Obviously the news was bad. But what kind of bad news could you get when you’d already been told you were terminal? Only that you were going to be terminated sooner rather than later, I thought. “It can wait,” I said, trying to sound casual.
We pulled up to a traffic light, and I looked at McKenzie. She was looking at me. Staring at me.
“You’re not going to believe this,” she said. Her voice was shaky.
“Okay.”
There was a long pause, or what seemed long, before she spoke. “The tumors . . . they’re shrinking.”
I knew what McKenzie had said. I knew exactly what she had meant, but for a second, I couldn’t react. I didn’t know how.
She reached out and rested her hand on my thigh. Squeezed it. “Aurora, the medicine. It’s working.” Suddenly there was joy in her voice. “The stuff that made my hair fall out and then made me puke for two months, it’s shrinking the tumors in my lungs.” She went on faster. “It’s not a cure, of course. There is no cure. And we don’t know how long the tumors will continue to shrink or how much they’ll shrink. The drug is just in the testing stage, but—”
Someone blew her horn behind us. The light had turned green. I sat there for another beat of my heart before I pressed on the accelerator. “Holy shit,” I said.
She laughed. “Yeah. Holy shit.”
I looked at her, then back at the road. The traffic was heavy. I needed to get over to make my exit or we’d be headed back into the city. “And . . . they’re sure?”
“I made them show me the scans.”
I signaled, checked the mirror, and moved over. “And they were yours?” I asked, still not believing what she was saying. There had been no hope. No hope for months. Every doctor she saw
said
there was no hope. McKenzie was dying. I had seen it in her eyes.

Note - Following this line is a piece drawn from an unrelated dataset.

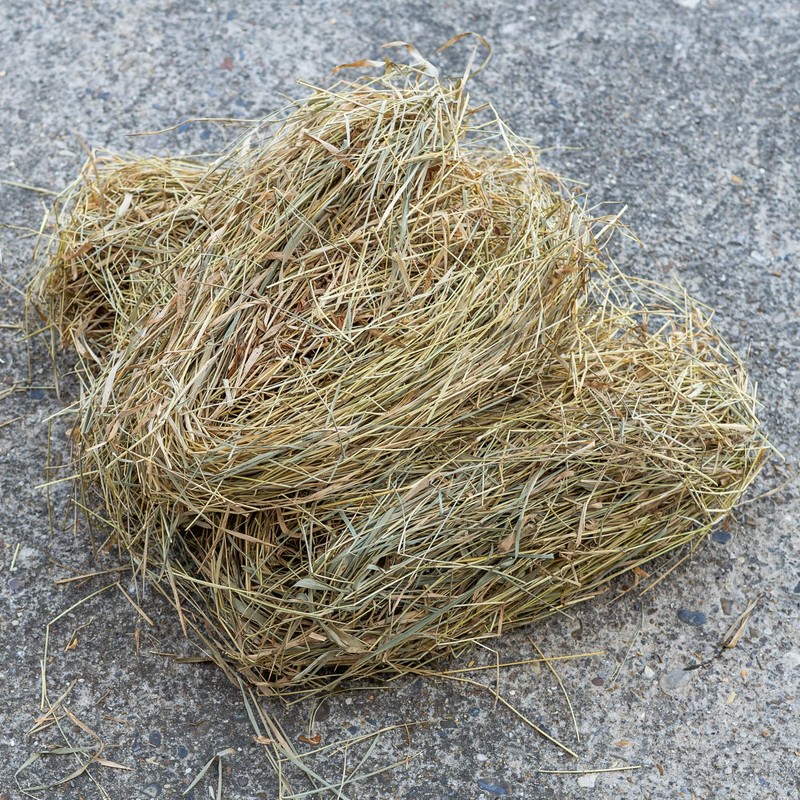 Woodside Hedgehog House Nesting Material 400g – 100% Natural Straw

She laughed. “I said the same thing.” She turned toward me in her seat. “I’m not out of the woods. Anything could happen. But
this month
I’m better than I was last month. It’s not my imagination. I thought it was wishful thinking. I really am breathing better. I saw it. The tumors in my lungs are definitely smaller. The doctor showed me with an electronic ruler thingy how they’re measured. She put one scan up next to the other.”
“Holy shit.”
She laughed. I could tell she was crying. “You said that already!”
It was suddenly hot in the car, and I turned up the air-conditioning, full blast. “I can’t believe it. You’re not going to die,” I said.
She sat back on the seat and laughed. “Not this week.”